**RECORDS FOR THE TASK:**
------------------------------
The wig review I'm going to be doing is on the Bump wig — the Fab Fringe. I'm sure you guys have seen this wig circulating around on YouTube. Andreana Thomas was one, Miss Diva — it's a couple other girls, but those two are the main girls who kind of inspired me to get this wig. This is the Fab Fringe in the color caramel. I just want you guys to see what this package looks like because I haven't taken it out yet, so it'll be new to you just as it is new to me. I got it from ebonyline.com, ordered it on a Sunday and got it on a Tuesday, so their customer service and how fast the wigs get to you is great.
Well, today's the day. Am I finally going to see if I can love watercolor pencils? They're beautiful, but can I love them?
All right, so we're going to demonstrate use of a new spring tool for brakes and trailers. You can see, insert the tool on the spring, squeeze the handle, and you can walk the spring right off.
------------------------------
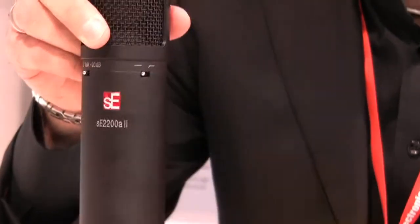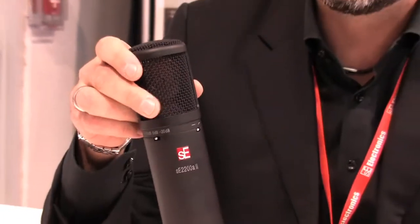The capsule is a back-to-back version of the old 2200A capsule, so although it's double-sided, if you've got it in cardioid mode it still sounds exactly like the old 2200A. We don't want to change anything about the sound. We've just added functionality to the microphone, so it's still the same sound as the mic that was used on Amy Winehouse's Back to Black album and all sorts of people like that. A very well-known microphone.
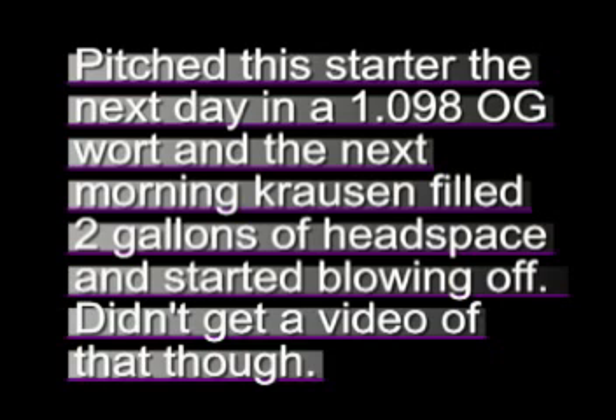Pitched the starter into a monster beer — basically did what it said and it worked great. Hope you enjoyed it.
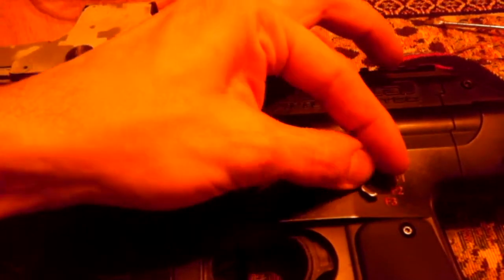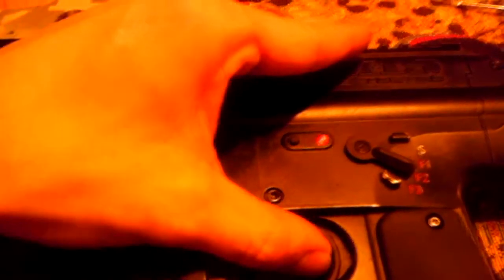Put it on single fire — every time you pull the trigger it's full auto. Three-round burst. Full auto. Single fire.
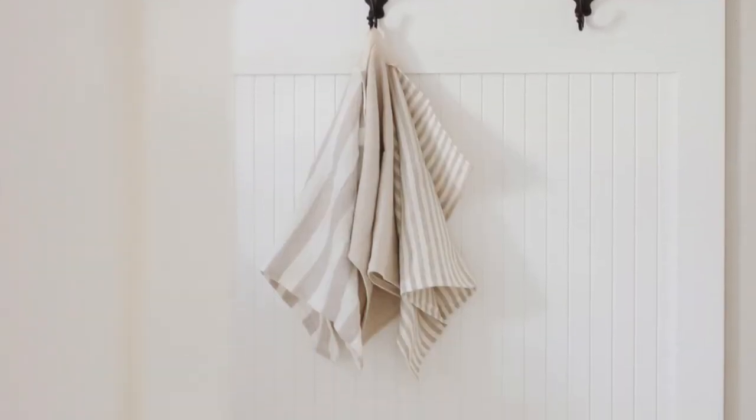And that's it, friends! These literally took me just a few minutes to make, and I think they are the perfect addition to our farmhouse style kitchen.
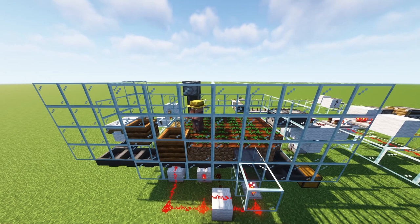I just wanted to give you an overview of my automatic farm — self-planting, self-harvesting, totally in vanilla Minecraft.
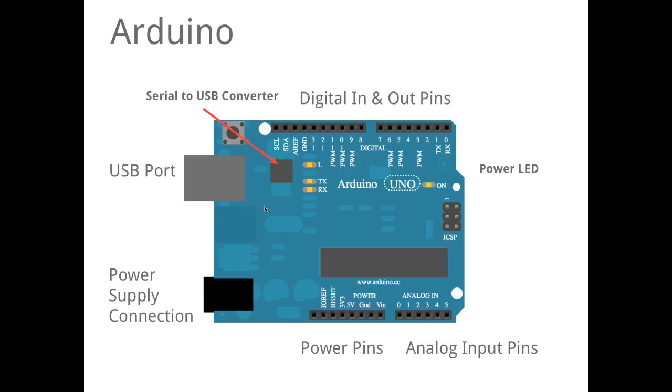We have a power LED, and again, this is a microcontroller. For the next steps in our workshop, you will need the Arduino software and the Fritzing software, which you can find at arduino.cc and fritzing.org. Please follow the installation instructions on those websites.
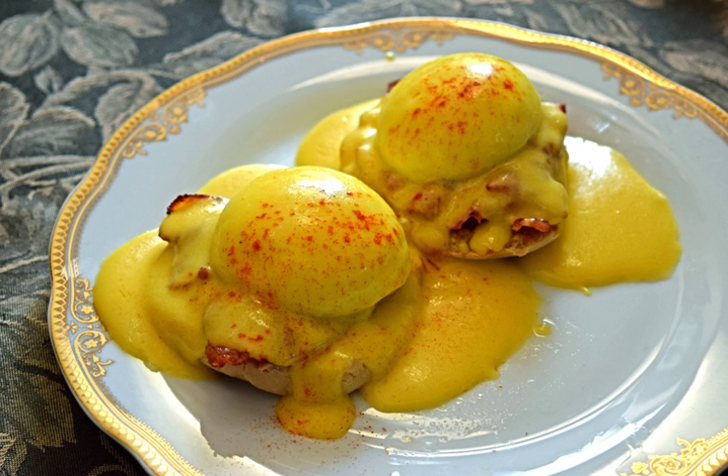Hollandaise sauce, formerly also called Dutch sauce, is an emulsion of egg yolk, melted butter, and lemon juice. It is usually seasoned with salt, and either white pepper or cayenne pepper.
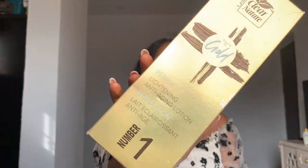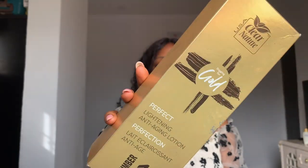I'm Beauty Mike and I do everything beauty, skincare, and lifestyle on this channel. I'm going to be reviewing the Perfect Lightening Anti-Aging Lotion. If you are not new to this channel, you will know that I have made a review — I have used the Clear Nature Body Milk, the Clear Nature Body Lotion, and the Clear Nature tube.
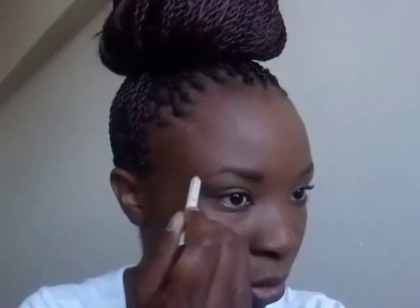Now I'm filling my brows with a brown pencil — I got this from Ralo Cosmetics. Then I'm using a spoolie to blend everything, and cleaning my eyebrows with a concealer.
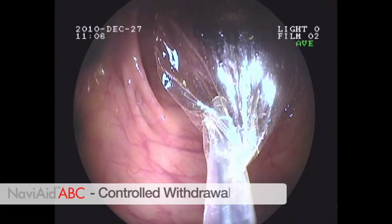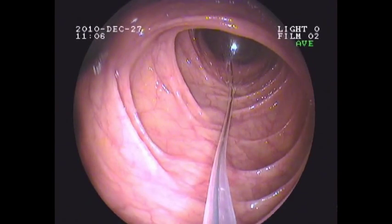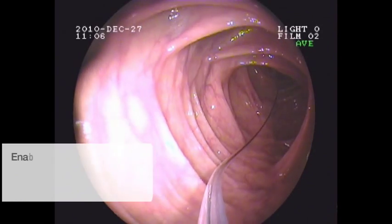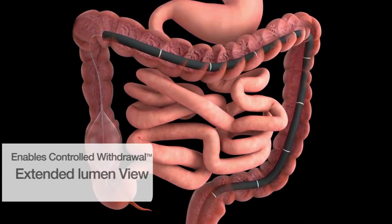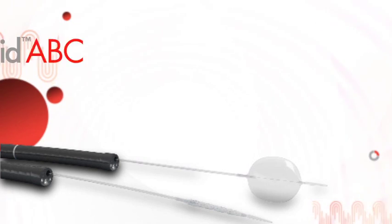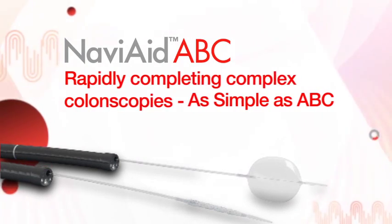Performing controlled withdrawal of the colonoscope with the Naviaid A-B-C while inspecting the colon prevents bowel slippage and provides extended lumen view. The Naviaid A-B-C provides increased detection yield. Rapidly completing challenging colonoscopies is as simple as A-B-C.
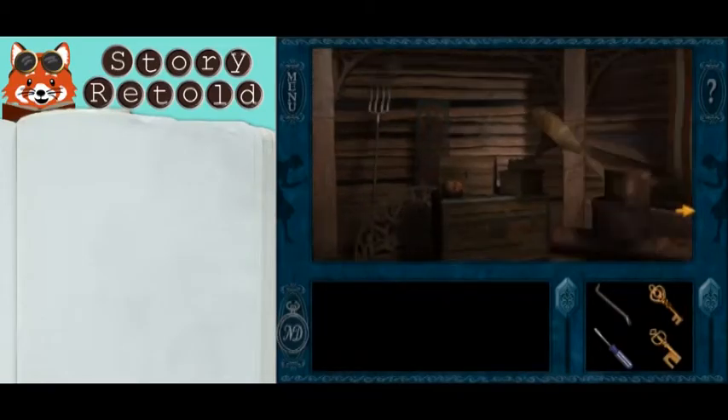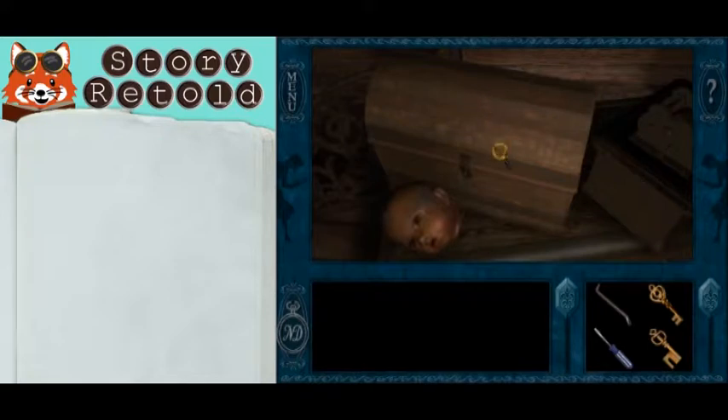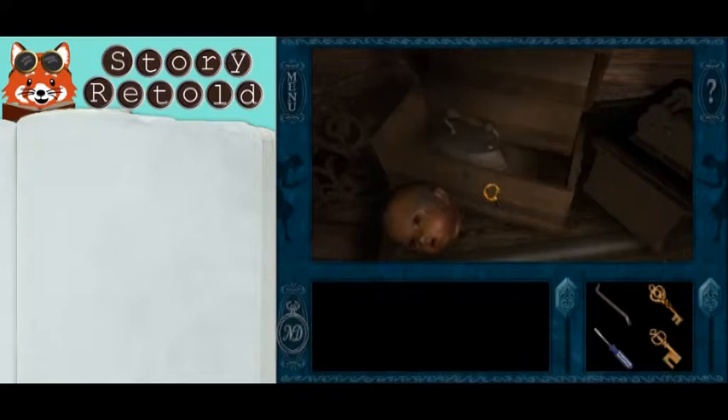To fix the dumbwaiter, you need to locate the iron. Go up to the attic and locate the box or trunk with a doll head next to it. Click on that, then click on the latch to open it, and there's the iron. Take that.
------------------------------
**REQUIRED ACTION:** Reproduce exactly, and only, the part of the listing above that begins at the line with "The wig review" and goes on through the line with "All right, so".

**ANSWER SPACE:**
The wig review I'm going to be doing is on the Bump wig — the Fab Fringe. I'm sure you guys have seen this wig circulating around on YouTube. Andreana Thomas was one, Miss Diva — it's a couple other girls, but those two are the main girls who kind of inspired me to get this wig. This is the Fab Fringe in the color caramel. I just want you guys to see what this package looks like because I haven't taken it out yet, so it'll be new to you just as it is new to me. I got it from ebonyline.com, ordered it on a Sunday and got it on a Tuesday, so their customer service and how fast the wigs get to you is great.
Well, today's the day. Am I finally going to see if I can love watercolor pencils? They're beautiful, but can I love them?
All right, so we're going to demonstrate use of a new spring tool for brakes and trailers. You can see, insert the tool on the spring, squeeze the handle, and you can walk the spring right off.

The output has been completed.